The stone under Karl's hand had cooled.
But the heat inside him hadn't.
He stood for a long time at the overlook, letting the breeze run through his hair as the echo of the dragon faded from the air. Raiven's presence pulsed gently at his side—a flicker of shadow barely visible unless you stared.
And Nareth hadn't moved.
Still watching. Still silent. Like he already understood the language of Karl's silence.
Karl turned away first, descending the stairs that led back toward the main Academy tower. The closer he drew to the heart of campus, the louder the city around it became—students trading spells, instructors shouting from sparring rings, the crackle of spellfire flaring through training fields.
The world was moving.
And now… it was watching him.
"There you are."
Nyra's voice came from beside the training hall entrance. She leaned against the wall, arms crossed, mana dagger twirling between her fingers like a bored cat's tail.
"You disappeared again. Thought the Trial Forest swallowed you back up."
"Just needed quiet."
"Well, too bad. Your quiet time is officially over. Guess what class we have next?"
Karl blinked. "Combat?"
"Worse. Soulbind Application."
She grinned. "Apparently, we're gonna 'explore our bond manifestations in public conditions.'"
Karl's heart skipped.
Public.
They joined Kael and the rest of the Soulbind class in the open-aired Rune Arena—one of the largest rings on campus. Circular platforms hovered in the sky like floating stone petals.
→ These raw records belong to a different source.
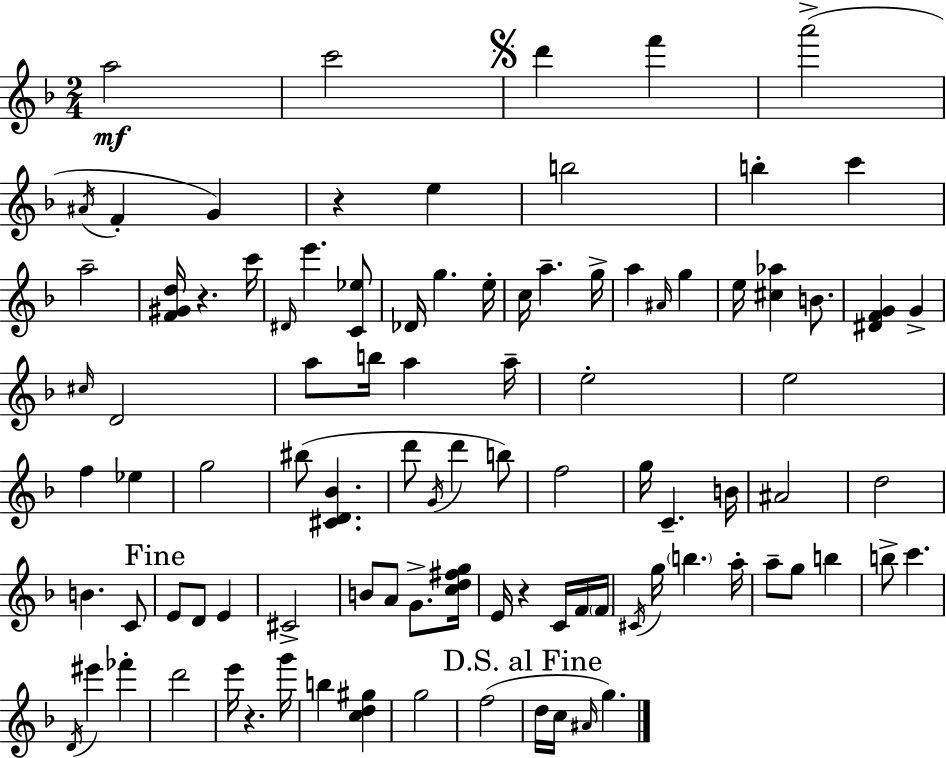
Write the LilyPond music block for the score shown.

{
  \clef treble
  \numericTimeSignature
  \time 2/4
  \key d \minor
  \repeat volta 2 { a''2\mf | c'''2 | \mark \markup { \musicglyph "scripts.segno" } d'''4 f'''4 | a'''2->( | \break \acciaccatura { ais'16 } f'4-. g'4) | r4 e''4 | b''2 | b''4-. c'''4 | \break a''2-- | <f' gis' d''>16 r4. | c'''16 \grace { dis'16 } e'''4. | <c' ees''>8 des'16 g''4. | \break e''16-. c''16 a''4.-- | g''16-> a''4 \grace { ais'16 } g''4 | e''16 <cis'' aes''>4 | b'8. <dis' f' g'>4 g'4-> | \break \grace { cis''16 } d'2 | a''8 b''16 a''4 | a''16-- e''2-. | e''2 | \break f''4 | ees''4 g''2 | bis''8( <cis' d' bes'>4. | d'''8 \acciaccatura { g'16 } d'''4 | \break b''8) f''2 | g''16 c'4.-- | b'16 ais'2 | d''2 | \break b'4. | c'8 \mark "Fine" e'8 d'8 | e'4 cis'2-> | b'8 a'8 | \break g'8.-> <c'' d'' fis'' g''>16 e'16 r4 | c'16 f'16 \parenthesize f'16 \acciaccatura { cis'16 } g''16 \parenthesize b''4. | a''16-. a''8-- | g''8 b''4 b''8-> | \break c'''4. \acciaccatura { d'16 } eis'''4 | fes'''4-. d'''2 | e'''16 | r4. g'''16 b''4 | \break <c'' d'' gis''>4 g''2 | f''2( | \mark "D.S. al Fine" d''16 | c''16 \grace { ais'16 } g''4.) | \break } \bar "|."
} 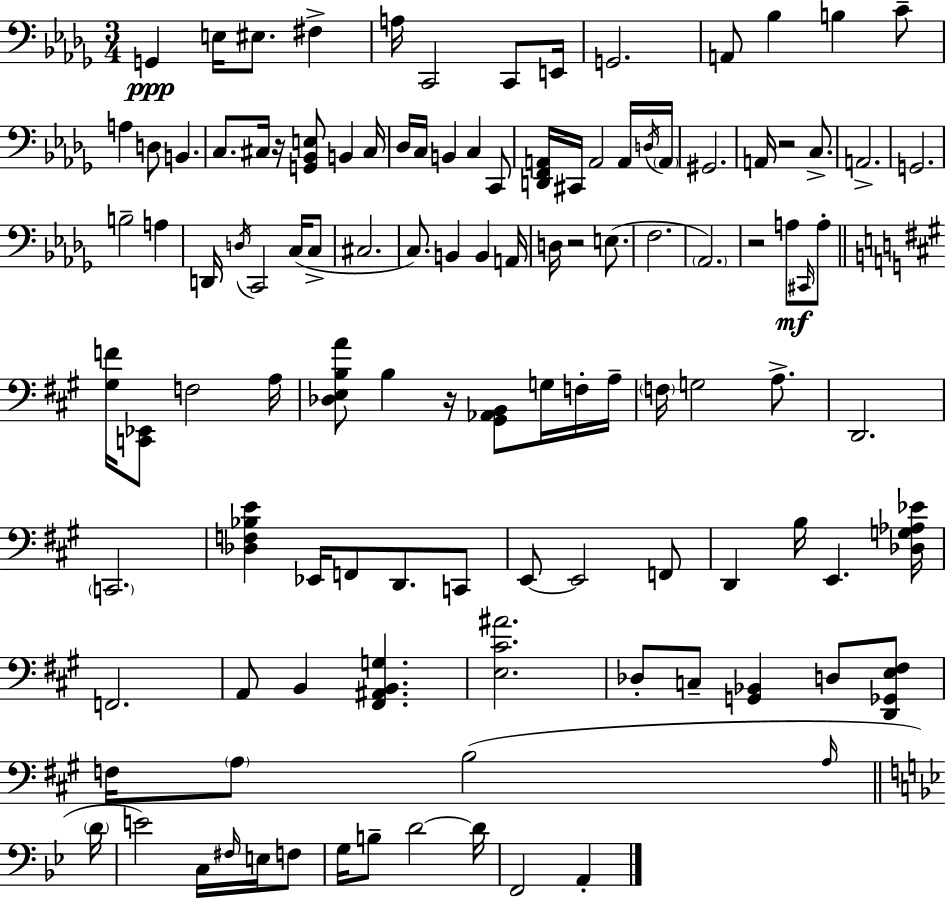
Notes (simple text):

G2/q E3/s EIS3/e. F#3/q A3/s C2/h C2/e E2/s G2/h. A2/e Bb3/q B3/q C4/e A3/q D3/e B2/q. C3/e. C#3/s R/s [G2,Bb2,E3]/e B2/q C#3/s Db3/s C3/s B2/q C3/q C2/e [D2,F2,A2]/s C#2/s A2/h A2/s D3/s A2/s G#2/h. A2/s R/h C3/e. A2/h. G2/h. B3/h A3/q D2/s D3/s C2/h C3/s C3/e C#3/h. C3/e. B2/q B2/q A2/s D3/s R/h E3/e. F3/h. Ab2/h. R/h A3/e C#2/s A3/e [G#3,F4]/s [C2,Eb2]/e F3/h A3/s [Db3,E3,B3,A4]/e B3/q R/s [G#2,Ab2,B2]/e G3/s F3/s A3/s F3/s G3/h A3/e. D2/h. C2/h. [Db3,F3,Bb3,E4]/q Eb2/s F2/e D2/e. C2/e E2/e E2/h F2/e D2/q B3/s E2/q. [Db3,G3,Ab3,Eb4]/s F2/h. A2/e B2/q [F#2,A#2,B2,G3]/q. [E3,C#4,A#4]/h. Db3/e C3/e [G2,Bb2]/q D3/e [D2,Gb2,E3,F#3]/e F3/s A3/e B3/h A3/s D4/s E4/h C3/s F#3/s E3/s F3/e G3/s B3/e D4/h D4/s F2/h A2/q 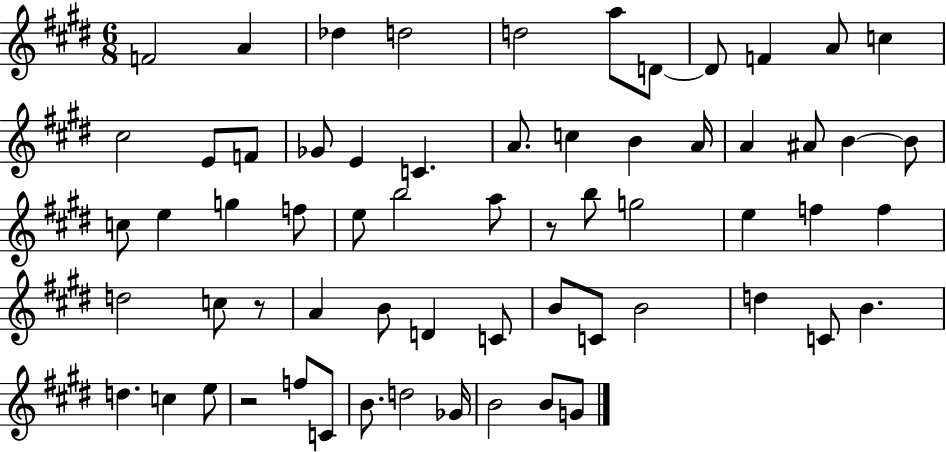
F4/h A4/q Db5/q D5/h D5/h A5/e D4/e D4/e F4/q A4/e C5/q C#5/h E4/e F4/e Gb4/e E4/q C4/q. A4/e. C5/q B4/q A4/s A4/q A#4/e B4/q B4/e C5/e E5/q G5/q F5/e E5/e B5/h A5/e R/e B5/e G5/h E5/q F5/q F5/q D5/h C5/e R/e A4/q B4/e D4/q C4/e B4/e C4/e B4/h D5/q C4/e B4/q. D5/q. C5/q E5/e R/h F5/e C4/e B4/e. D5/h Gb4/s B4/h B4/e G4/e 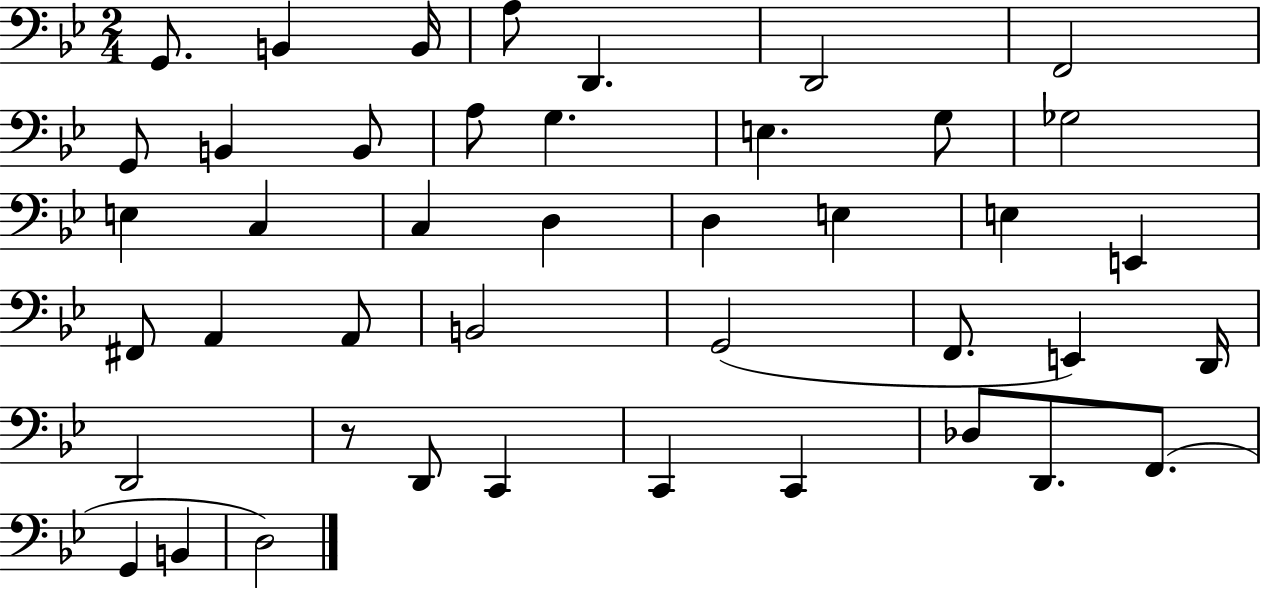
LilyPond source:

{
  \clef bass
  \numericTimeSignature
  \time 2/4
  \key bes \major
  g,8. b,4 b,16 | a8 d,4. | d,2 | f,2 | \break g,8 b,4 b,8 | a8 g4. | e4. g8 | ges2 | \break e4 c4 | c4 d4 | d4 e4 | e4 e,4 | \break fis,8 a,4 a,8 | b,2 | g,2( | f,8. e,4) d,16 | \break d,2 | r8 d,8 c,4 | c,4 c,4 | des8 d,8. f,8.( | \break g,4 b,4 | d2) | \bar "|."
} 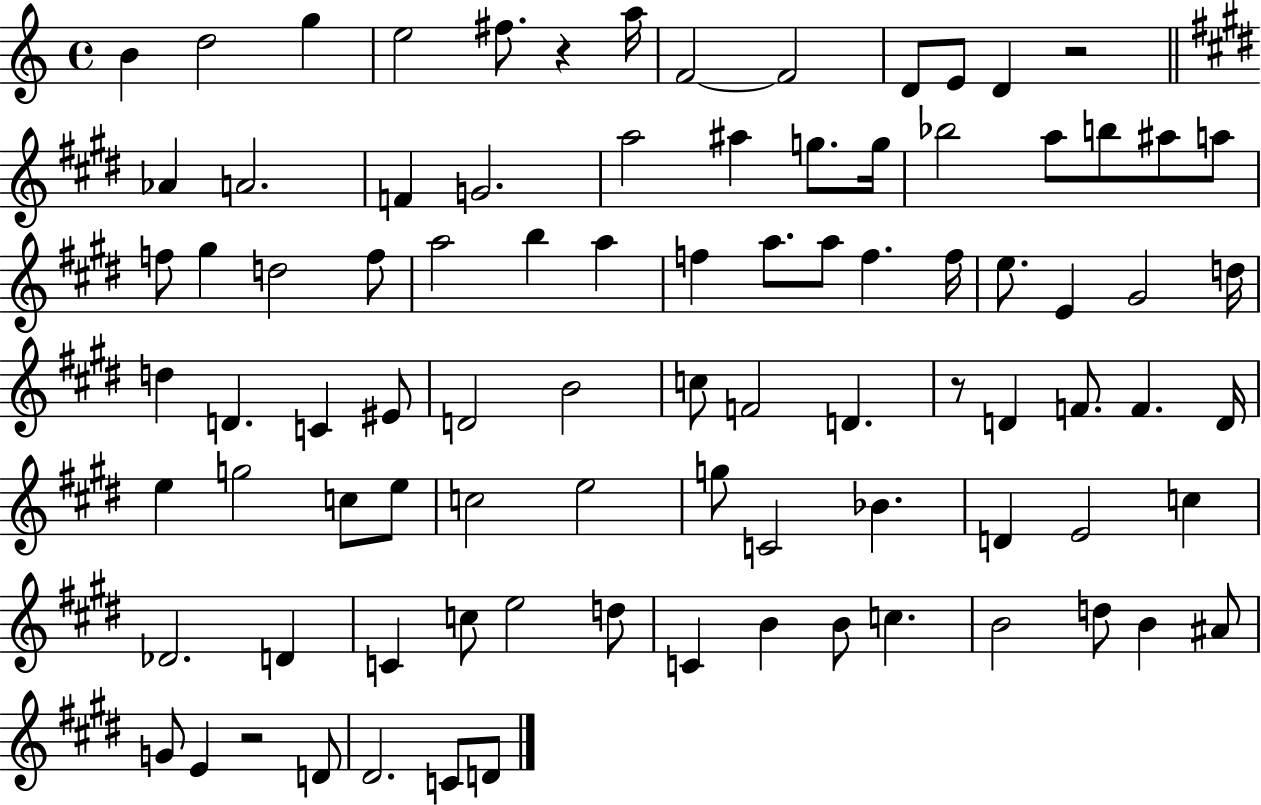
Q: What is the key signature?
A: C major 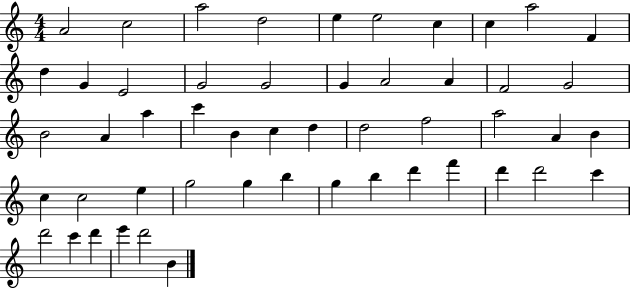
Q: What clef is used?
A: treble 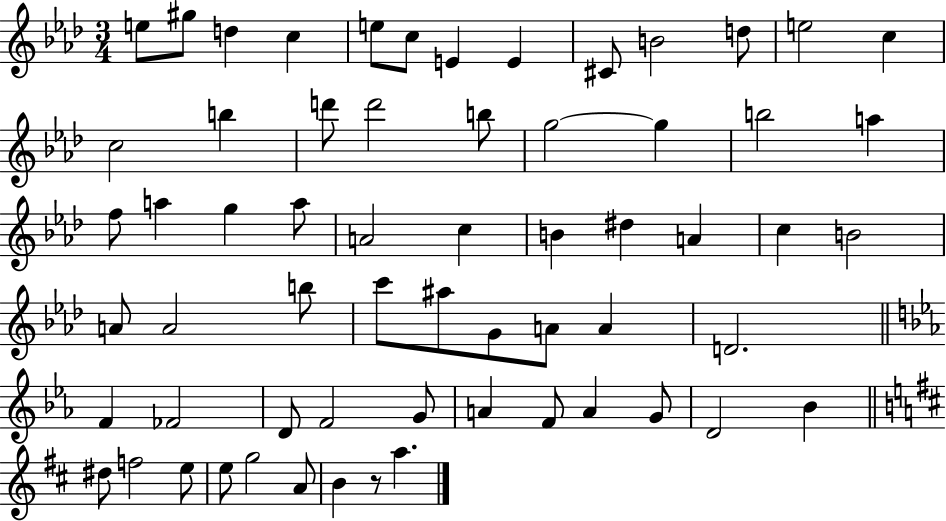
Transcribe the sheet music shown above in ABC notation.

X:1
T:Untitled
M:3/4
L:1/4
K:Ab
e/2 ^g/2 d c e/2 c/2 E E ^C/2 B2 d/2 e2 c c2 b d'/2 d'2 b/2 g2 g b2 a f/2 a g a/2 A2 c B ^d A c B2 A/2 A2 b/2 c'/2 ^a/2 G/2 A/2 A D2 F _F2 D/2 F2 G/2 A F/2 A G/2 D2 _B ^d/2 f2 e/2 e/2 g2 A/2 B z/2 a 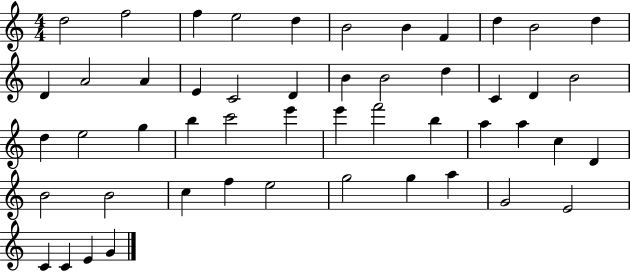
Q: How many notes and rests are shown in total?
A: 50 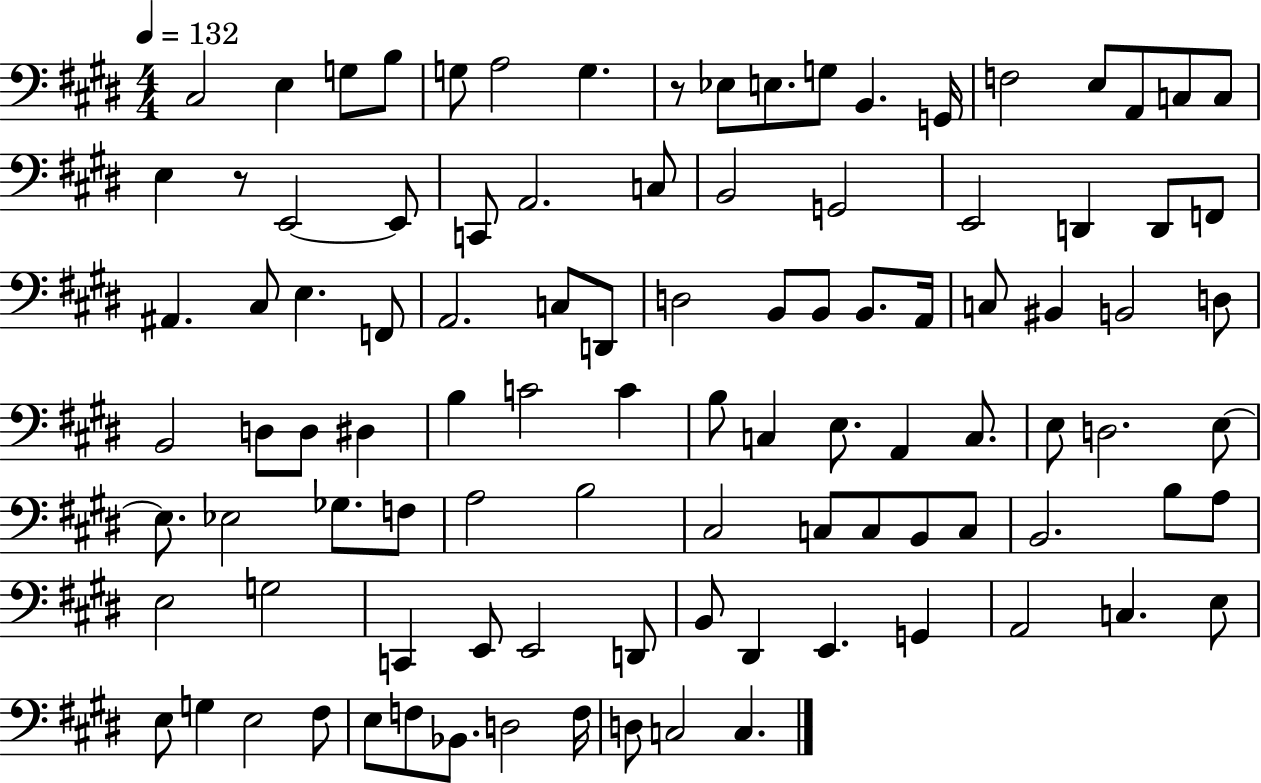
X:1
T:Untitled
M:4/4
L:1/4
K:E
^C,2 E, G,/2 B,/2 G,/2 A,2 G, z/2 _E,/2 E,/2 G,/2 B,, G,,/4 F,2 E,/2 A,,/2 C,/2 C,/2 E, z/2 E,,2 E,,/2 C,,/2 A,,2 C,/2 B,,2 G,,2 E,,2 D,, D,,/2 F,,/2 ^A,, ^C,/2 E, F,,/2 A,,2 C,/2 D,,/2 D,2 B,,/2 B,,/2 B,,/2 A,,/4 C,/2 ^B,, B,,2 D,/2 B,,2 D,/2 D,/2 ^D, B, C2 C B,/2 C, E,/2 A,, C,/2 E,/2 D,2 E,/2 E,/2 _E,2 _G,/2 F,/2 A,2 B,2 ^C,2 C,/2 C,/2 B,,/2 C,/2 B,,2 B,/2 A,/2 E,2 G,2 C,, E,,/2 E,,2 D,,/2 B,,/2 ^D,, E,, G,, A,,2 C, E,/2 E,/2 G, E,2 ^F,/2 E,/2 F,/2 _B,,/2 D,2 F,/4 D,/2 C,2 C, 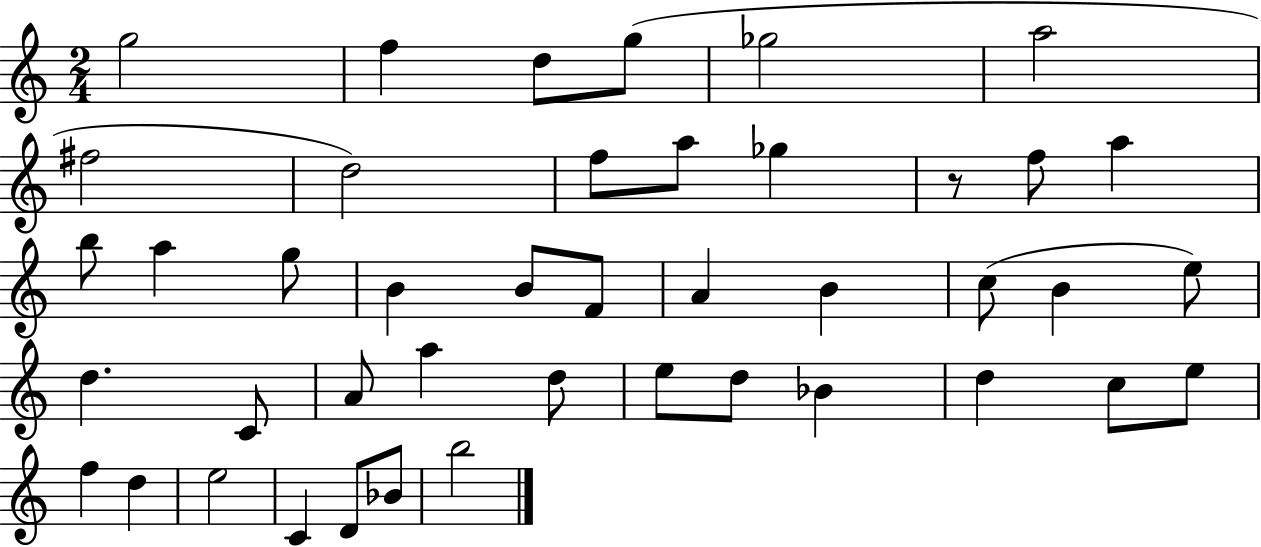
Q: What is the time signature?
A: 2/4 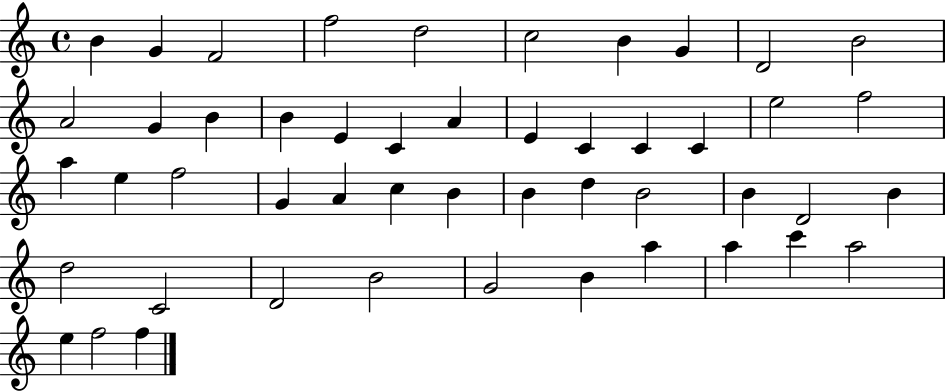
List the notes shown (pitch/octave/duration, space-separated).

B4/q G4/q F4/h F5/h D5/h C5/h B4/q G4/q D4/h B4/h A4/h G4/q B4/q B4/q E4/q C4/q A4/q E4/q C4/q C4/q C4/q E5/h F5/h A5/q E5/q F5/h G4/q A4/q C5/q B4/q B4/q D5/q B4/h B4/q D4/h B4/q D5/h C4/h D4/h B4/h G4/h B4/q A5/q A5/q C6/q A5/h E5/q F5/h F5/q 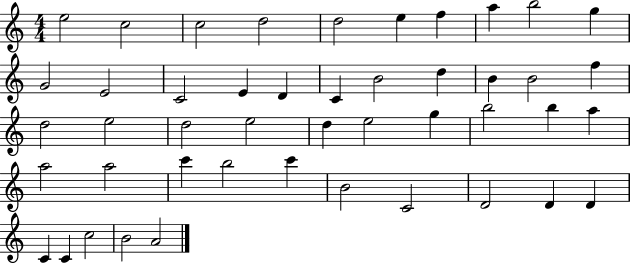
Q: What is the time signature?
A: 4/4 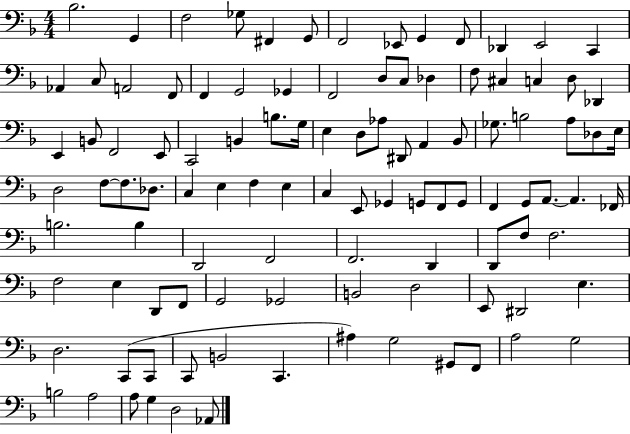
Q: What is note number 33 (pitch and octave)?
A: E2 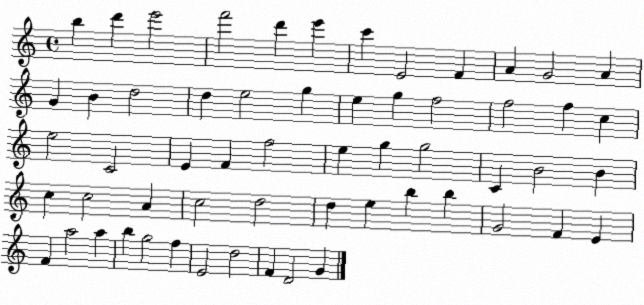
X:1
T:Untitled
M:4/4
L:1/4
K:C
b d' e'2 f'2 d' e' c' E2 F A G2 A G B d2 d e2 g e g f2 f2 f c e2 C2 E F f2 e g g2 C B2 B c c2 A c2 d2 d e b b G2 F E F a2 a b g2 f E2 d2 F D2 G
Mana channels ran across the surfaces like veins, reacting to the presence of any bond spirit.
Instructor Renia hovered above them on a small disc of air, arms behind her back.
"Welcome," she began. "Today, you will call forth your Soulbound partners—not in theory, but in form."
Whispers spread quickly through the class.
Karl didn't move.
Renia raised a hand.
"Don't worry. Those without an awakened Soulbind will simply observe. No one will be punished for being late to the path."
Karl let out a slow breath he hadn't realized he was holding.
But Raiven's energy flickered again—closer than ever.
Student after student stepped forward.
A small fox spirit wrapped in flickering flame.
A stone golem the size of a shield.
A water-snake that shimmered mid-air, coiling around its caster's arm.
Then came a beastkin boy—hawk-blooded—with a wyvern hatchling spirit barely visible through its translucent form. The crowd whispered in awe.
Karl stayed still.
Then Renia called his name.
"Karl Valen."
Silence fell over the platform.
He stepped forward, boots echoing on rune-etched stone.
Renia's expression didn't change. But her eyes sharpened.
"You have registered resonance."
Karl nodded.
"Then call it."
He closed his eyes.
Focused.
Raiven… you're here.
Let them see you.
The mark on his chest flared—just once.
Then came the pulse.
Soft at first. Then surging.
The wind shifted around him.
Shadow curled across the stone platform like ink spilled across sunlight. From his feet outward, a circle formed—etched in violet and blue light, spiraling outward in silent, cold waves.
And then—
Raiven appeared.
A silhouette of a wolf, shadow-forged and tall as Karl's chest, its fur rippling like mist, its wings folded tight to its sides. Two piercing eyes of glowing silver-blue locked with the instructor's.
The arena went silent.
Students whispered.
"It's… full-bodied."
"That's not just a projection."
"What class is that spirit?"
Renia didn't speak for several seconds.
Her hand twitched once, faintly—like resisting the urge to draw a glyph midair.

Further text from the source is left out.